The first two lines simply import the base classes for the database connection and base model class. We then subclass PeeweeDatabaseConnection to create the connection for awesomedb, overriding the dbname attribute. We then instantiate the database connection as database. Note the autoconnect=True parameter which tells the database connection to try to use the best available profile to connect when the class gets instantiated. Finally, we subclass BaseModel and we bind the database connection to it.

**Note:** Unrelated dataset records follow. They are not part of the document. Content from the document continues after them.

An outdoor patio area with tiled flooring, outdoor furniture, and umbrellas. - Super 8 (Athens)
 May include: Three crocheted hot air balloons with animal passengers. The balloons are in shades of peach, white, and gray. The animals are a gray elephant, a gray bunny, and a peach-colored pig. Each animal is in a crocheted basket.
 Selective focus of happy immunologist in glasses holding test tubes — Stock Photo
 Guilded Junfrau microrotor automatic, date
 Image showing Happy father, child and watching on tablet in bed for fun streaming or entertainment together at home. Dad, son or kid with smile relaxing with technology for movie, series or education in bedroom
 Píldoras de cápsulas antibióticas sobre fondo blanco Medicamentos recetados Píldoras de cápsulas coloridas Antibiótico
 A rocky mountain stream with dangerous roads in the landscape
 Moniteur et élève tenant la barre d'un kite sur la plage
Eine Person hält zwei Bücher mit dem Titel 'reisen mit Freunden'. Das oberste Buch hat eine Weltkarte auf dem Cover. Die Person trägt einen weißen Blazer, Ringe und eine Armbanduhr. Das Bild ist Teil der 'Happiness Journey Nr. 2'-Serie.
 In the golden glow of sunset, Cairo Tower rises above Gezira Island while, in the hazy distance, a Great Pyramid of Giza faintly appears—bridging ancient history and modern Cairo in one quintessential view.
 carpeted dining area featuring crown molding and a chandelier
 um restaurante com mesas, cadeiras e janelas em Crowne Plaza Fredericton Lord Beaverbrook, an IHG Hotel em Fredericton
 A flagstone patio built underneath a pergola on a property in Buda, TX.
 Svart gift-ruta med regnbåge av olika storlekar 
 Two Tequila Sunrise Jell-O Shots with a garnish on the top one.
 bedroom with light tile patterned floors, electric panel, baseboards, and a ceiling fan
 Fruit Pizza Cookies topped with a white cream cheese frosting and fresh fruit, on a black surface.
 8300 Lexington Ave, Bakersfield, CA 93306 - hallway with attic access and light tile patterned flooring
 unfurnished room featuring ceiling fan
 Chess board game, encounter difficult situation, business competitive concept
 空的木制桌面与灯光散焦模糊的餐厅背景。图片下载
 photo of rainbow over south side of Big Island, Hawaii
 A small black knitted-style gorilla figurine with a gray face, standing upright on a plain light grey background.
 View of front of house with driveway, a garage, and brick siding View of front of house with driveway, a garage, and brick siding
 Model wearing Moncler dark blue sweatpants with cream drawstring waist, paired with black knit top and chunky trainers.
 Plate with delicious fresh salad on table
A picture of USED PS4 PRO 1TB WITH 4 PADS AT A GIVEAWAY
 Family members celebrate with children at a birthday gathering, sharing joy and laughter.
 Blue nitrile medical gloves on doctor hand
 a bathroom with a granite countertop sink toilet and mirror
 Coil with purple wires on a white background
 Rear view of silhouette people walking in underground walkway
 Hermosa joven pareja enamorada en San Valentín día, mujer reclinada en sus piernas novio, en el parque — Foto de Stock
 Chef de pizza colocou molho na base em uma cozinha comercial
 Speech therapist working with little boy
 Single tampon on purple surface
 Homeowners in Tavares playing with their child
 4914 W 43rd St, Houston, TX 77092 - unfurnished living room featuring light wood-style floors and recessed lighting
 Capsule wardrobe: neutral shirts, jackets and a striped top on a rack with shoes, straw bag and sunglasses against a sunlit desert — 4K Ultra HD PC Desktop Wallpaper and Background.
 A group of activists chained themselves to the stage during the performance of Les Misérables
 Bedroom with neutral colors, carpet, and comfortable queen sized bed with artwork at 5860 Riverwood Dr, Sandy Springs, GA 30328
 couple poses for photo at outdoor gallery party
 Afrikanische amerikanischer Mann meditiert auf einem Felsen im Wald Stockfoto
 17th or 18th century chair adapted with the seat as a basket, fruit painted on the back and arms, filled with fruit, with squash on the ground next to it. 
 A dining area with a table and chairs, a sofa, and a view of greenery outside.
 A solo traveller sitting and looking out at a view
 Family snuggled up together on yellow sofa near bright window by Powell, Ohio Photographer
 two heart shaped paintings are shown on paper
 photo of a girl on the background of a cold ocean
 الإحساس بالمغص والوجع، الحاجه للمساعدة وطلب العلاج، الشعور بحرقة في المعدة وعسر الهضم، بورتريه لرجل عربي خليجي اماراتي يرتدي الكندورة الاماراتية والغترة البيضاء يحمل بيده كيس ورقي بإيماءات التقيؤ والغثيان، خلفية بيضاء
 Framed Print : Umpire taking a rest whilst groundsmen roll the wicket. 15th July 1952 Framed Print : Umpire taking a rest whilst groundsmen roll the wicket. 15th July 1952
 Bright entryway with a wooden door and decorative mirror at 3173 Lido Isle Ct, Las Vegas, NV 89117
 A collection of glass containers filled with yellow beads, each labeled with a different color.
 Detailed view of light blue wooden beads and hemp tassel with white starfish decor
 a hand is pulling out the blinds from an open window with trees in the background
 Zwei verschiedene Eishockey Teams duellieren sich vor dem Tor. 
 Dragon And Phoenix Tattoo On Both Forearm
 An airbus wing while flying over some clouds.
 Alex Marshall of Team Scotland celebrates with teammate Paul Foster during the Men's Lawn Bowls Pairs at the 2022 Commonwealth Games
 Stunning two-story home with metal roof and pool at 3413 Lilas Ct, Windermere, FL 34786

Next we need to creates the model classes themselves. At its simplest, a model class represents a table in a given schema and contains a list of the columns in the table, each one as a class attribute. Model classes must subclass from a base class (AwesomedbModel in our example) that has been linked to the database connection. The default mode in Peewee is to explicitely define all columns, as opposed to autoloaded. To help with this task you can use the pwiz model generator. For example, to create a file with the list of model classes for stupendous you would run, from a terminal

python -m pwiz -e postgresql -s stupendous awesomedb > stupendous.py

Note that you may need to pass additional flags with the username, host, or port. Refer to the documentation for those.

Once the file has been generated you will need to do some changes. On the top of the file import

from . import database
from . import AwesomedbModel as BaseModel

The first line conveniently allows for access to the database connection from the schema submodule. The second one renames AwesomedbModel to BaseModel so that all the model classes in the file inherit from it. You’ll probably need to make some other changes to the file, especially to the foreign keys to make sure they match your naming requirements.

Using reflection with Peewee

Peewee provides a reflection utility (internally used by pwiz). Based on this tool we developed a reflection metaclass that can be used to expedite the creating of models by only requiring to define foreign keys. Note that this is not an official component of Peewee and it comes with certain caveats. Before using the reflection metaclass, make sure to read the API documentation.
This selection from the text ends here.